__Work to be completed__
Retype the entries in full, exactly.

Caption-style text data
━━━━━━━━━━━━━━━━

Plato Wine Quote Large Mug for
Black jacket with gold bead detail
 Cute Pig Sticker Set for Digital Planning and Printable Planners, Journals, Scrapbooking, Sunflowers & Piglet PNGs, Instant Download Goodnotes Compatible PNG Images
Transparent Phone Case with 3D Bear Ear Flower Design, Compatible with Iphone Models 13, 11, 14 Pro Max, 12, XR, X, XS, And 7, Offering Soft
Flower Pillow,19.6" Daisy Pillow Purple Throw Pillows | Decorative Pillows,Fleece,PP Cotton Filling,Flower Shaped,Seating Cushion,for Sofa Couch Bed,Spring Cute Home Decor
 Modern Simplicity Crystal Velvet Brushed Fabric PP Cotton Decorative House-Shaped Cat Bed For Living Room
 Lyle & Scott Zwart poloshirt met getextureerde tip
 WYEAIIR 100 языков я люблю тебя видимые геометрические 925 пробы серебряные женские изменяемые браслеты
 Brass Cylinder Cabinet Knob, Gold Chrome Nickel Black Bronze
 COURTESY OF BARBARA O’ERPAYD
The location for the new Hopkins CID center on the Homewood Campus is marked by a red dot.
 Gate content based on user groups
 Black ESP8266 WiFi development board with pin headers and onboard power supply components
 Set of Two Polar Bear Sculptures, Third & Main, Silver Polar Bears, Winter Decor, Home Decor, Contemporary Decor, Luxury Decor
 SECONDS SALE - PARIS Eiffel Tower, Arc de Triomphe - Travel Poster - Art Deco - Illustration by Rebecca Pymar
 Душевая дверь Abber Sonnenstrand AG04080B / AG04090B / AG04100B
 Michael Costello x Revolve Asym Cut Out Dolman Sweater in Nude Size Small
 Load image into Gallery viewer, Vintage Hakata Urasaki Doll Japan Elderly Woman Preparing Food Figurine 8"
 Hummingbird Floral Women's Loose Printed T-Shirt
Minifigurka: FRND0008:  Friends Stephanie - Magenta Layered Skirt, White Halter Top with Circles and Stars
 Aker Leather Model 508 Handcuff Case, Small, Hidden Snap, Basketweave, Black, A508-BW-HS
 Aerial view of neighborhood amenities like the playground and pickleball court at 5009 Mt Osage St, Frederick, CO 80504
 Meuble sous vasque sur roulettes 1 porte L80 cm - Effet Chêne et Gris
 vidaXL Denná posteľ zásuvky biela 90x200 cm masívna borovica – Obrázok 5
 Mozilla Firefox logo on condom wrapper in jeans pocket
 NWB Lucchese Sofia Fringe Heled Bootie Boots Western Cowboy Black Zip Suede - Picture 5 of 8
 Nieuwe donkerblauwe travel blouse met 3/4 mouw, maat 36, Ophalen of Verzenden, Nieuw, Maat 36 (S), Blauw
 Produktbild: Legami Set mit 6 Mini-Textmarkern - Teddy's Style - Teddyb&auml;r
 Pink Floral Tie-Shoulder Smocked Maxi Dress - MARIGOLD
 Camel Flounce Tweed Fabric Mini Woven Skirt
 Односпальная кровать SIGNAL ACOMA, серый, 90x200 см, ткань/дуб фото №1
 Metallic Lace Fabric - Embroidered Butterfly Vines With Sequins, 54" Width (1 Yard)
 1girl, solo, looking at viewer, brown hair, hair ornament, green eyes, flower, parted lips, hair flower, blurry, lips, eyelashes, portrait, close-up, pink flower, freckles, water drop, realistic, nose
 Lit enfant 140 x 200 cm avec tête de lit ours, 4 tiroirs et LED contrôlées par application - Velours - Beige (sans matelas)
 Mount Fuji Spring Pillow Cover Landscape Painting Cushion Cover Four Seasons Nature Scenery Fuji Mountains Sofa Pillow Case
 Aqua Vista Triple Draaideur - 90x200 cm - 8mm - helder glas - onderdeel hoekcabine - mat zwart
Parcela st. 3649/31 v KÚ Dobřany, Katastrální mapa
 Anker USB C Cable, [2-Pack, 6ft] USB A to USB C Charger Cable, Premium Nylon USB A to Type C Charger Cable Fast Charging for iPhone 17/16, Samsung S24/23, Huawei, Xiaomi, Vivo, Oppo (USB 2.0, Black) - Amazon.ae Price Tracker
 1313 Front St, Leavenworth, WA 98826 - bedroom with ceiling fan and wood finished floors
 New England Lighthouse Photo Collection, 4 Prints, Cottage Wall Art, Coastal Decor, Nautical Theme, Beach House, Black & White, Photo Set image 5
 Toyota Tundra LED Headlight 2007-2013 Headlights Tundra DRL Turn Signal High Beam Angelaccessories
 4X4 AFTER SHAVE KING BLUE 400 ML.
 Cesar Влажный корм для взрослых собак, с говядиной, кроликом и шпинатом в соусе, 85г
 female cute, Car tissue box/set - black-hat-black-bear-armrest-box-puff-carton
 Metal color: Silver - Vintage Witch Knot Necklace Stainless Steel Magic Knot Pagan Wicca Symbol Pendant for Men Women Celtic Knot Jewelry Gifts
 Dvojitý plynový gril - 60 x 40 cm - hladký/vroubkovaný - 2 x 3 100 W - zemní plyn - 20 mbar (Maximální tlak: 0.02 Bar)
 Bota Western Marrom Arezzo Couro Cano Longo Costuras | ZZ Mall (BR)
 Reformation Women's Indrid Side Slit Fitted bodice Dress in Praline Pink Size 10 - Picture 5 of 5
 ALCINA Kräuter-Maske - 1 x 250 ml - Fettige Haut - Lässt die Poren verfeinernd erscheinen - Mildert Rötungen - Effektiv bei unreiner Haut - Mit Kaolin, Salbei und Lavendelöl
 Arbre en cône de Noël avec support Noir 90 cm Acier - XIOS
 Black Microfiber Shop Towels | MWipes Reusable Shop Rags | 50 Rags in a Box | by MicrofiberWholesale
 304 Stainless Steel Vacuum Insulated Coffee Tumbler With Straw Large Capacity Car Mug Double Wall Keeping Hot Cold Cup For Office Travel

━━━━━━━━━━━━━━━━

__The completed task__
Plato Wine Quote Large Mug for
Black jacket with gold bead detail
 Cute Pig Sticker Set for Digital Planning and Printable Planners, Journals, Scrapbooking, Sunflowers & Piglet PNGs, Instant Download Goodnotes Compatible PNG Images
Transparent Phone Case with 3D Bear Ear Flower Design, Compatible with Iphone Models 13, 11, 14 Pro Max, 12, XR, X, XS, And 7, Offering Soft
Flower Pillow,19.6" Daisy Pillow Purple Throw Pillows | Decorative Pillows,Fleece,PP Cotton Filling,Flower Shaped,Seating Cushion,for Sofa Couch Bed,Spring Cute Home Decor
 Modern Simplicity Crystal Velvet Brushed Fabric PP Cotton Decorative House-Shaped Cat Bed For Living Room
 Lyle & Scott Zwart poloshirt met getextureerde tip
 WYEAIIR 100 языков я люблю тебя видимые геометрические 925 пробы серебряные женские изменяемые браслеты
 Brass Cylinder Cabinet Knob, Gold Chrome Nickel Black Bronze
 COURTESY OF BARBARA O’ERPAYD
The location for the new Hopkins CID center on the Homewood Campus is marked by a red dot.
 Gate content based on user groups
 Black ESP8266 WiFi development board with pin headers and onboard power supply components
 Set of Two Polar Bear Sculptures, Third & Main, Silver Polar Bears, Winter Decor, Home Decor, Contemporary Decor, Luxury Decor
 SECONDS SALE - PARIS Eiffel Tower, Arc de Triomphe - Travel Poster - Art Deco - Illustration by Rebecca Pymar
 Душевая дверь Abber Sonnenstrand AG04080B / AG04090B / AG04100B
 Michael Costello x Revolve Asym Cut Out Dolman Sweater in Nude Size Small
 Load image into Gallery viewer, Vintage Hakata Urasaki Doll Japan Elderly Woman Preparing Food Figurine 8"
 Hummingbird Floral Women's Loose Printed T-Shirt
Minifigurka: FRND0008:  Friends Stephanie - Magenta Layered Skirt, White Halter Top with Circles and Stars
 Aker Leather Model 508 Handcuff Case, Small, Hidden Snap, Basketweave, Black, A508-BW-HS
 Aerial view of neighborhood amenities like the playground and pickleball court at 5009 Mt Osage St, Frederick, CO 80504
 Meuble sous vasque sur roulettes 1 porte L80 cm - Effet Chêne et Gris
 vidaXL Denná posteľ zásuvky biela 90x200 cm masívna borovica – Obrázok 5
 Mozilla Firefox logo on condom wrapper in jeans pocket
 NWB Lucchese Sofia Fringe Heled Bootie Boots Western Cowboy Black Zip Suede - Picture 5 of 8
 Nieuwe donkerblauwe travel blouse met 3/4 mouw, maat 36, Ophalen of Verzenden, Nieuw, Maat 36 (S), Blauw
 Produktbild: Legami Set mit 6 Mini-Textmarkern - Teddy's Style - Teddyb&auml;r
 Pink Floral Tie-Shoulder Smocked Maxi Dress - MARIGOLD
 Camel Flounce Tweed Fabric Mini Woven Skirt
 Односпальная кровать SIGNAL ACOMA, серый, 90x200 см, ткань/дуб фото №1
 Metallic Lace Fabric - Embroidered Butterfly Vines With Sequins, 54" Width (1 Yard)
 1girl, solo, looking at viewer, brown hair, hair ornament, green eyes, flower, parted lips, hair flower, blurry, lips, eyelashes, portrait, close-up, pink flower, freckles, water drop, realistic, nose
 Lit enfant 140 x 200 cm avec tête de lit ours, 4 tiroirs et LED contrôlées par application - Velours - Beige (sans matelas)
 Mount Fuji Spring Pillow Cover Landscape Painting Cushion Cover Four Seasons Nature Scenery Fuji Mountains Sofa Pillow Case
 Aqua Vista Triple Draaideur - 90x200 cm - 8mm - helder glas - onderdeel hoekcabine - mat zwart
Parcela st. 3649/31 v KÚ Dobřany, Katastrální mapa
 Anker USB C Cable, [2-Pack, 6ft] USB A to USB C Charger Cable, Premium Nylon USB A to Type C Charger Cable Fast Charging for iPhone 17/16, Samsung S24/23, Huawei, Xiaomi, Vivo, Oppo (USB 2.0, Black) - Amazon.ae Price Tracker
 1313 Front St, Leavenworth, WA 98826 - bedroom with ceiling fan and wood finished floors
 New England Lighthouse Photo Collection, 4 Prints, Cottage Wall Art, Coastal Decor, Nautical Theme, Beach House, Black & White, Photo Set image 5
 Toyota Tundra LED Headlight 2007-2013 Headlights Tundra DRL Turn Signal High Beam Angelaccessories
 4X4 AFTER SHAVE KING BLUE 400 ML.
 Cesar Влажный корм для взрослых собак, с говядиной, кроликом и шпинатом в соусе, 85г
 female cute, Car tissue box/set - black-hat-black-bear-armrest-box-puff-carton
 Metal color: Silver - Vintage Witch Knot Necklace Stainless Steel Magic Knot Pagan Wicca Symbol Pendant for Men Women Celtic Knot Jewelry Gifts
 Dvojitý plynový gril - 60 x 40 cm - hladký/vroubkovaný - 2 x 3 100 W - zemní plyn - 20 mbar (Maximální tlak: 0.02 Bar)
 Bota Western Marrom Arezzo Couro Cano Longo Costuras | ZZ Mall (BR)
 Reformation Women's Indrid Side Slit Fitted bodice Dress in Praline Pink Size 10 - Picture 5 of 5
 ALCINA Kräuter-Maske - 1 x 250 ml - Fettige Haut - Lässt die Poren verfeinernd erscheinen - Mildert Rötungen - Effektiv bei unreiner Haut - Mit Kaolin, Salbei und Lavendelöl
 Arbre en cône de Noël avec support Noir 90 cm Acier - XIOS
 Black Microfiber Shop Towels | MWipes Reusable Shop Rags | 50 Rags in a Box | by MicrofiberWholesale
 304 Stainless Steel Vacuum Insulated Coffee Tumbler With Straw Large Capacity Car Mug Double Wall Keeping Hot Cold Cup For Office Travel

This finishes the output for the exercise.